После плодородных степей в новой стране русичей встретили тайга, болота, суровый климат. Зато теперь никакой княжеской власти, половцам и даже Орде до них было не дотянуться. Судя по всему, они успешно адаптировались, занялись, как и местное население, охотой, рыболовством, торговлей мехами. Многие смешались с аборигенами, и есть основания считать — стали родоначальниками династий некоторых остяцких князьков: Самара, Бояра, Романа и других. Возможно, не забыли самары и свои прежние промыслы.

«Голубые бахмуты»

Призрак голубого коня является в южнорусских степях с древнейших времен: легенды о лошадях диковинной масти из этих мест приводили еще Гомер и Геродот. В документах XVI века упоминается о «мерине экстравагантной голубой масти» русского князя Ивана, упомянутый Герберштейн рассказывал о необычайно выносливых боевых конях на Украине — «пахматах»… Считалось, что редкая древняя порода, «бахматы», исчезла. Однако позже слово «бахмат» как название лошадиной породы и одновременно местный диалектизм было зафиксировано в Сибири. По рассказам Каяловых, живя за Доном, их предки разводили коней — «голубых бахмутов». «Не исключено, — пишет Галина Пелих, — что потомки „голубых бахмутов“, приведенных Каяловыми в Сибирь, дожили до наших дней». И, в частности, приводит рассказ писателя В. Сапожникова о встрече с чудесным конем во время одной из поездок сибирской зимней ночью: «Мужики были черные, а конь голубой… чистых кровей, необыкновенной силы, не боится грозы, не спадает с тела в любой дороге…».

«…Там Русью пахнет!»

Прервался или нет тысячелетний бег голубого иноходца — еще вопрос, но Лукомория не исчезла. Она жива и сегодня — в сибиряках Каяловых, Цингаловых, Самаровых… Непризнанная наукой, она ходит, разговаривает с характерным диалектом, хранит память предков и, наверное, подсмеивается над высокомерной близорукостью официальной истории.

«Чалдонье-то разное быват», — говорят в деревнях Приобья, подчеркивая, что местное старожильческое население делится на два заметно отличающихся друг от друга пласта — пришедшие до и после Ермака. Каяловы и иже с ними твердо стоят на том, что их предки пришли на Обь первыми, но не с Дона, а «из-за Дона». У них свой диалект, и они высмеивают говор казацких чалдонов. А селькупы и ханты к разным группам русских старожилов относятся, как к двум различным народам.

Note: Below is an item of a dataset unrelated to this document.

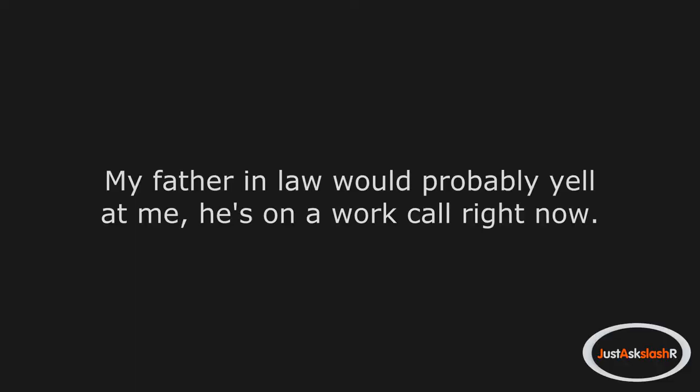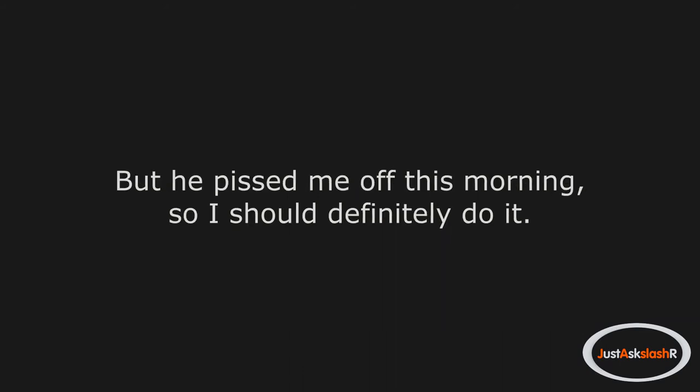My father-in-law would probably yell at me. He's on a work call right now. But he pissed me off this morning. So I should definitely do it. I did it. He just looked at me sideways and left the room. Pretty underwhelming.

«У русских Приобья, — пишет фольклорист П. И. Мельников, — нет единой культуры, единого песенного стиля… Носители одних певческих традиций не принимают, высмеивают стиль и манеру пения других…». Если одно фольклорное направление носит отпечаток казачьего Дона, то другое тяготеет к более ранней эпохе.

Филологи отмечают, что записанные в Приобье «тексты былин обнаруживают большую близость к общему древнерусскому эпосу», а некоторые диалектизмы «унаследованы… от древнейшей эпохи». Например, древнерусское слово «комонь» (конь), употреблявшееся еще в «Слове о полку Игореве», уже в XV столетии стало на Руси глубоким архаизмом. И только сибиряки даже в ХХ веке продолжали распевать:

Тут стояли комони,

Все комони под коврами.

Один комонь не подкован…

…Лукомория, осколок Киевской Руси, перекочевавший в Приобье, долгие века хранила в его таежной глуши тот древний «русский дух», о котором говорил Пушкин. В вечной мерзлоте Сибири время замедлило ход, но не остановилось. Когда его вновь пришпорила хлынувшая из-за Урала вторая волна переселенцев, историю Сибири начали писать с чистого листа. Из тщеславия, по невежеству или по какой другой причине — неизвестно.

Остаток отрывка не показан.